[DATA TO PROCESS Boundary: Start]

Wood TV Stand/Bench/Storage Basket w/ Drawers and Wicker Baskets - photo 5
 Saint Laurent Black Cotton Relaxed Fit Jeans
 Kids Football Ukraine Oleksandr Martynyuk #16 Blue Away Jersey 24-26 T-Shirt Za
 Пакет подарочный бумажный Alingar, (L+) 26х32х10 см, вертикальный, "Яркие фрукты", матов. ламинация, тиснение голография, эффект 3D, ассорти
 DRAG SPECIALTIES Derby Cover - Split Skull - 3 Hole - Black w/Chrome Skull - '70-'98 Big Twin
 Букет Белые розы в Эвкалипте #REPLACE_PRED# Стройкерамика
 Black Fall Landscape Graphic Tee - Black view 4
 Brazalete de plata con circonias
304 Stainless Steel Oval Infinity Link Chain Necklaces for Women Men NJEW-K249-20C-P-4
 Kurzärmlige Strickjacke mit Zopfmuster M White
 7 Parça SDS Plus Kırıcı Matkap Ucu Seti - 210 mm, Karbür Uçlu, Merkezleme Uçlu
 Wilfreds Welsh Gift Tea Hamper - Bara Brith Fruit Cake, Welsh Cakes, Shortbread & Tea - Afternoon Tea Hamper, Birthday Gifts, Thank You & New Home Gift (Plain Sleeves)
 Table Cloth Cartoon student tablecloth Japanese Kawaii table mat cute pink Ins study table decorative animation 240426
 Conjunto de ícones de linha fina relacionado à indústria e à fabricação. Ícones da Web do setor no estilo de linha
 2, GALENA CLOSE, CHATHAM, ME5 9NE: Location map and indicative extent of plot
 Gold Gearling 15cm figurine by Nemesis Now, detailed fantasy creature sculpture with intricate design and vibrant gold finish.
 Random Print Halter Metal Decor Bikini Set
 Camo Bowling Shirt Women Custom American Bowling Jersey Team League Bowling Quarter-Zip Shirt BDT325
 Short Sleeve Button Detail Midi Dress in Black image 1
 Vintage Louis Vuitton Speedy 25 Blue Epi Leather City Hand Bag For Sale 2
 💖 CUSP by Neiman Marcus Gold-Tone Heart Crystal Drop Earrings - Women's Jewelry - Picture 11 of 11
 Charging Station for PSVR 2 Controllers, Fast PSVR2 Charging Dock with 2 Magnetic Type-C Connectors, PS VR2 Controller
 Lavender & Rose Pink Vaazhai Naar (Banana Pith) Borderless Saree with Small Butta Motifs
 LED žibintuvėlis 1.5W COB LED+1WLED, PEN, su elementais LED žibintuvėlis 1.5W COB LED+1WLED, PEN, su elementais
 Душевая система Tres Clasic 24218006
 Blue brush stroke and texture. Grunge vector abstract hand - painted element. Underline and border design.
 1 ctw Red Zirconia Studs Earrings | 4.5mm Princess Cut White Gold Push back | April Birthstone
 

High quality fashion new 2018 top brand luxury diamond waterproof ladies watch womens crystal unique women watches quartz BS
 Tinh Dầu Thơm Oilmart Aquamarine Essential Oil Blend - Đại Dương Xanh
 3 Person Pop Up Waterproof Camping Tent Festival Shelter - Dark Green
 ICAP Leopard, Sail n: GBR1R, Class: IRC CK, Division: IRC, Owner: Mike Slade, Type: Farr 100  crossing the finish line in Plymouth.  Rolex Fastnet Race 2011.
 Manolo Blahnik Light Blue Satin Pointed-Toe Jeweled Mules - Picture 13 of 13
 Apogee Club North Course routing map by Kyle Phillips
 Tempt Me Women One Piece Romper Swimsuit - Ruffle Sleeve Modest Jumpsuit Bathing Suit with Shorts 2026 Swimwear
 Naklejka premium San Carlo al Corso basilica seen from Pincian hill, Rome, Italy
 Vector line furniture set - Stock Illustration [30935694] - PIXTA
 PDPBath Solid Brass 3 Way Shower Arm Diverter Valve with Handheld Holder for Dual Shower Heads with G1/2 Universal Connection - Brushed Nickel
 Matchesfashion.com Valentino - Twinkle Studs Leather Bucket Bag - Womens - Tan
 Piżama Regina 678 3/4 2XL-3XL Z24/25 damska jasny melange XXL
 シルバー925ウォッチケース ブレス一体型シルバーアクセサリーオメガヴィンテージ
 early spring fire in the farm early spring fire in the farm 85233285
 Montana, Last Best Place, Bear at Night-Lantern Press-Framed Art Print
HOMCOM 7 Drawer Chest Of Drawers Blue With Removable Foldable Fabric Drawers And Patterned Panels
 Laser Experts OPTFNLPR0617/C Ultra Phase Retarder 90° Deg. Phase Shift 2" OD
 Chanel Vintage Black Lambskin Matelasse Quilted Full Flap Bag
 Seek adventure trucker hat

[DATA TO PROCESS Boundary: End]

§ WHAT IS REQUIRED
Spot the lines above that mention "Print" and copy them.

§ REPLY
 Random Print Halter Metal Decor Bikini Set
 Montana, Last Best Place, Bear at Night-Lantern Press-Framed Art Print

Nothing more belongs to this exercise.